День был очень ясным, но ужасно холодным. Рыбаков сегодня не было. В предзакатном небе парили чайки.
— Мне пора возвращаться в офис.
— Ну и работа у вас! Ведь канун Нового года…
— Да я заеду только пивка выпить.
Глядя на Акуцу, который ехал на работу, только чтобы поднять с коллегами бокал, Тосия подумал, до чего же тот хороший человек. Они были одногодками, оба родились и выросли в Кансае. Возможно, что они где-то когда-то даже пересекались. Если б не дело «Гин-Ман», он не познакомился бы с этим человеком.

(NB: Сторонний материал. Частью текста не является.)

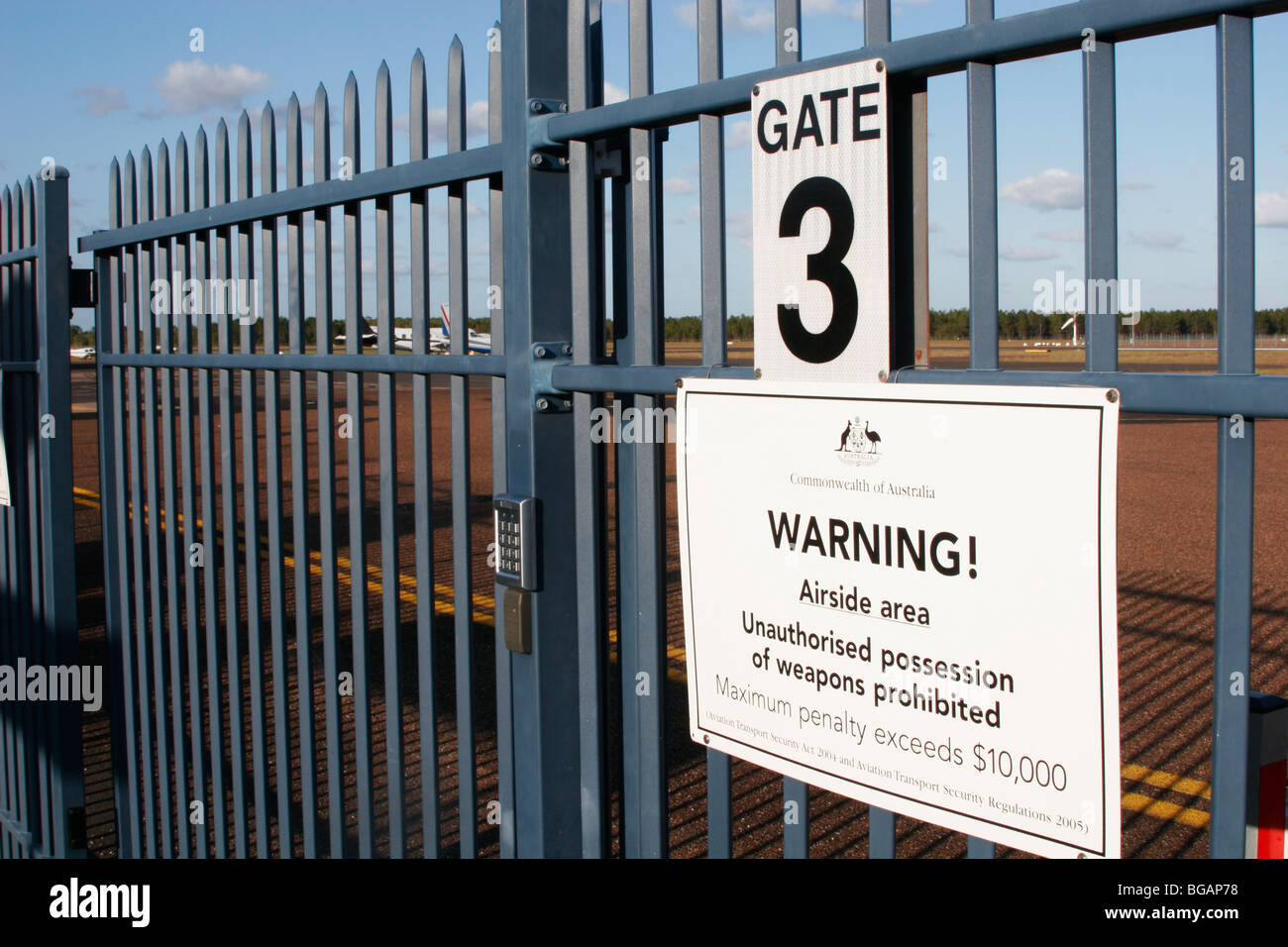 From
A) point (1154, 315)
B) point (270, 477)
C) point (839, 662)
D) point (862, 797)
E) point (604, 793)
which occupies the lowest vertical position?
point (604, 793)

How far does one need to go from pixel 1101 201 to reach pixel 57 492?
4304 millimetres

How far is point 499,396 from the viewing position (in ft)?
8.79

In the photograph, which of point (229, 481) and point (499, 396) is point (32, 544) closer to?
point (229, 481)

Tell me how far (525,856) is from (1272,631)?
6.62m

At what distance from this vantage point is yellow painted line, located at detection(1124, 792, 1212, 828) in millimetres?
4867

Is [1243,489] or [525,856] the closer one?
[1243,489]

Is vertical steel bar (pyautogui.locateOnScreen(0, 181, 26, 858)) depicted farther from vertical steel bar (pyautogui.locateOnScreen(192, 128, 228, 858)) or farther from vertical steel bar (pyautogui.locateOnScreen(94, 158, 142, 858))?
vertical steel bar (pyautogui.locateOnScreen(192, 128, 228, 858))

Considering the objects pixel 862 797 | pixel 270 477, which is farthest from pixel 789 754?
pixel 270 477

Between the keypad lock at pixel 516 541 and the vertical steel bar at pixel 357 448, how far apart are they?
52 centimetres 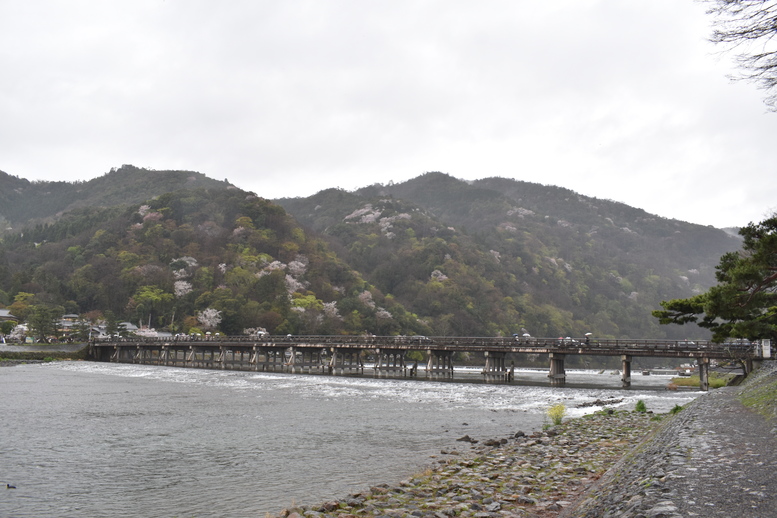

И когда вся эта шумиха в прессе уляжется, каждый из них пойдёт своим путём.
Тосия протянул Акуцу руку, тот охотно её пожал.
— Здоровья вам!
— И вам, Тосия-сан!
В походке удаляющегося журналиста сквозила прежняя лёгкость. Тосия смотрел ему вслед, и на душе у него стало ужасно тоскливо. Он не мог справиться со своей сентиментальностью. Бросил взгляд на дом престарелых и подумал о жизни Соитиро. Наверняка, когда тот ребёнком нашёл в коробке с конфетами ещё и подарок — голубую спортивную машинку, — то непроизвольно воскликнул от радости. Тосия представил себе маленького мальчика, который хвалится игрушкой перед семьёй, на лице его чистая детская улыбка… В груди у него всё сжалось в комок, стало тяжело дышать. Теперь машинка снова у Соитиро…
Море молчало, солнце медленно садилось, и цвет неба с каждым мгновением приобретал новые оттенки. Ультрамариновое действо над его головой было щемяще прекрасным. Тосии грезилось, будто его поглотила тишина. Прикрыв веки, он глубоко вздохнул, отпуская всё. Лишь зимний ветер, приносящий запах моря, напоминал ему, что сейчас он действительно здесь.